Der Sprecher hob hervor, dass der Betreiber eines solchen Ballons nach dem Start weder Einfluss auf Richtung noch Höhe des Ballons habe. Die Himmelslaternen erreichten Flugreichweiten von mehr als 5.000 Metern und Flughöhen von bis zu 400 Metern. „Aufgrund des brennbaren Materials und der offenen Flamme besteht die große Gefahr, am Landepunkt ein Feuer auszulösen.“

Der Ministeriumssprecher erinnerte daran, dass Himmelslaternen in den letzten Monaten in Niedersachsen mehrere Brände ausgelöst hätten, bei denen es teilweise nur durch glückliche Umstände nicht zu Personenschäden gekommen sei. Beispielhaft nannte der Sprecher einen Garagenbrand im Herbst 2008 im Stadtgebiet von Braunschweig sowie einen Dachstuhlbrand am Neujahrstag 2009 in Bad Harzburg.

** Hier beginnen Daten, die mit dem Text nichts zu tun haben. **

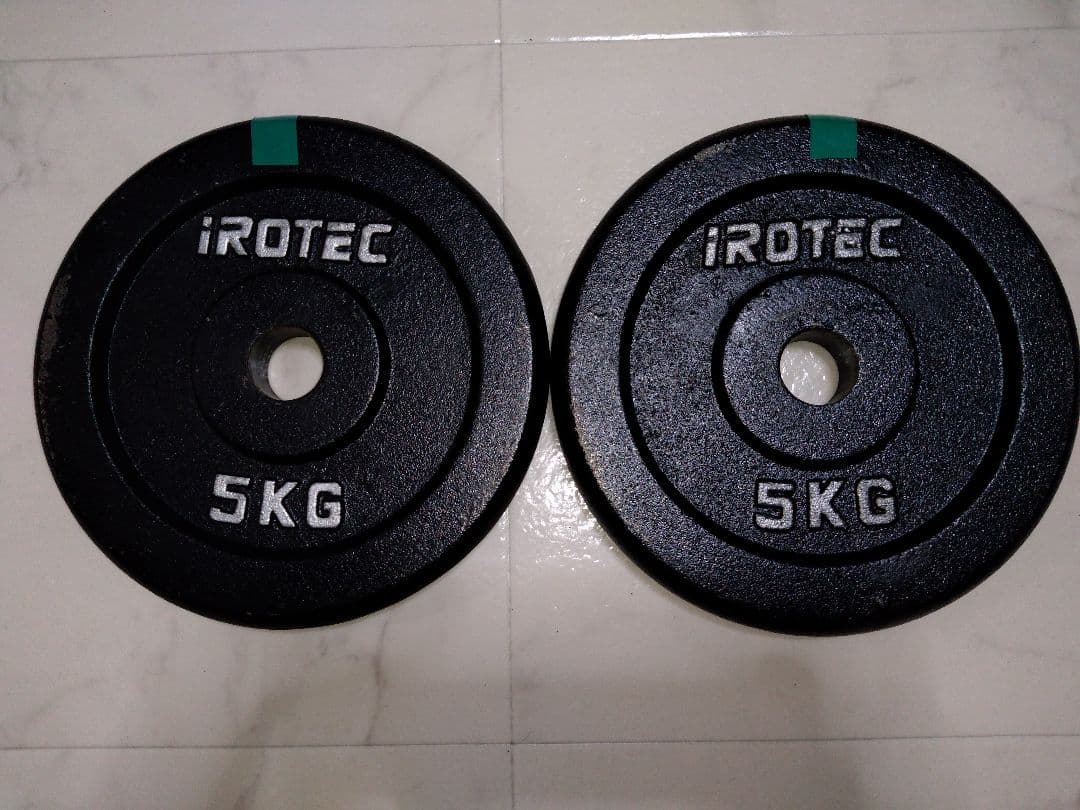 アイロテック プレート　5kg　4枚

Laut Ministeriumsangaben wird ein Verbot unbemannter Heißluftballone seit Monaten bundesweit diskutiert und insbesondere von Feuerwehrverbänden gefordert. Auch ein Ausschuss der Innenministerkonferenz befasse sich mit dem Thema. Der Ministeriumssprecher betonte, dass ein milderes Mittel als ein Verbot nicht in Betracht komme, weil es in Niedersachsen kaum geeignete Flächen mit ausreichend Abstand zu bebauten Flächen und Verkehrsinfrastruktur gebe, die als erlaubte Flächen benannt werden könnten.

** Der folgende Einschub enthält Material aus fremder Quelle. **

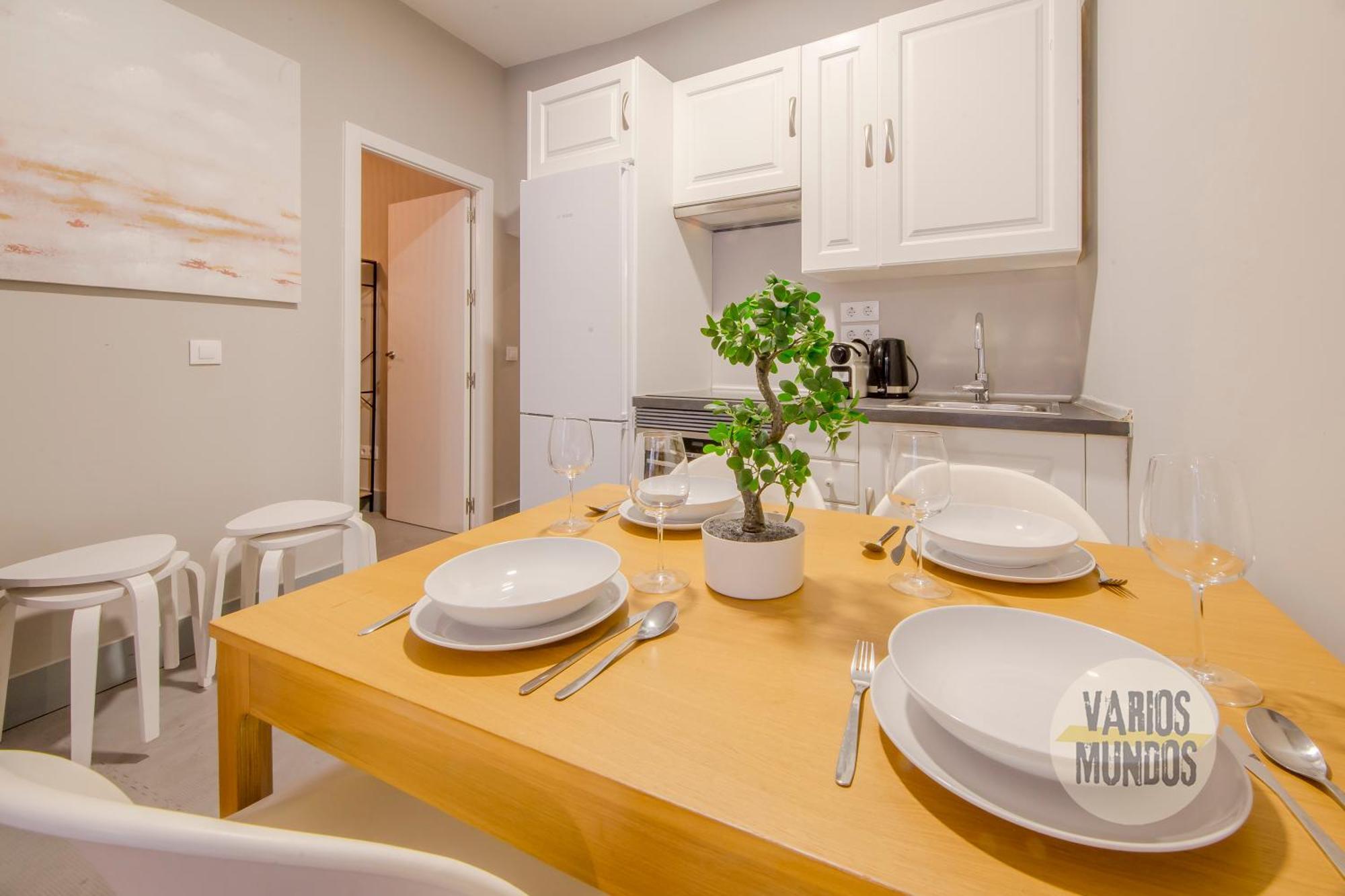 New Piso Centrico 7pax A 2 Min Andando De Gran Via E2 Apartment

Quelle: Niedersächsisches Ministerium für Inneres, Sport und Integration; Presseinformation vom 30. April 2009

Kommentare

6 Kommentare zu “Himmelslaternen in Niedersachsen verboten” (davon )

  1. Sven Lipinski am 5. Juni 2009 19:04

    Diese Verbote ziehen sich anscheinend zurzeit durch ganz Deutschland – sicherlich berechtigt, angesichts hoher Waldbrandwarnstufen im Sommer.

    Meine Gemeinde hat kürzlich auch ein Verbot ausgesprochen:
    Verbot Himmelslaternen
    Hinweis der FF Prenzlau

  2. karlmuetze am 6. Juni 2009 12:10

    Ich habe erst vor Kurzem auf himmelslaterne.info gelesen, dass es nun auch im Land Sachsen Anhalt ein Verbot gibt. Interessant, eben, dass sich manche Länder weigern ein Verbot auszusprechen, obwohl die Brandgefahr (außer in Küstennähe) wohl überall gleich hoch ist. Letztendlich sind es aber wohl die Verbraucher, die bestimmen ob die Dinger gekauft und verwendet werden oder nicht. Da helfen auch keine 5000€ Strafe.
    Gruß
    Karl

  3. ralph waller » Armin Veh neuer Alleinherrscher in Wolfsburg am 6. Juni 2009 19:57

    […] Himmelslaternen in Niedersachsen verboten : FWnetz – Feuerwehr im Netz […]

  4. Sven Lipinski am 8. Juni 2009 17:01

    In Eutin hat eine Himmelslaterne in der Nacht zum Sonntag einen Brand verursacht. Neben einem Komposthaufen wurden Büsche und ein Baum in Mitleidenschaft gezogen.

  5. Sven Lipinski am 26. Juni 2009 11:09

    Gebäudebrand mit einem toten Kind vermutlich durch Himmelslaterne ausgelöst:

    http://www.siegener-zeitung.de/nachrichten/aktuell/region/siegen/1/article/95/fliegende-laterne-loeste-tragoed.html

  6. frischi am 29. Juni 2009 11:03

    Typisch für unsere gegenwärtig maßgeblichen Politiker:
    Breitseite statt Feinarbeit bzw.Dauerverbot statt Differenzierung – z.B. bezogen auf Jahreszeiten und Regionen. Zudem macht es keinen Sinn, den Verkauf nicht zu verbieten! Denn: wer kauft, will auch nutzen!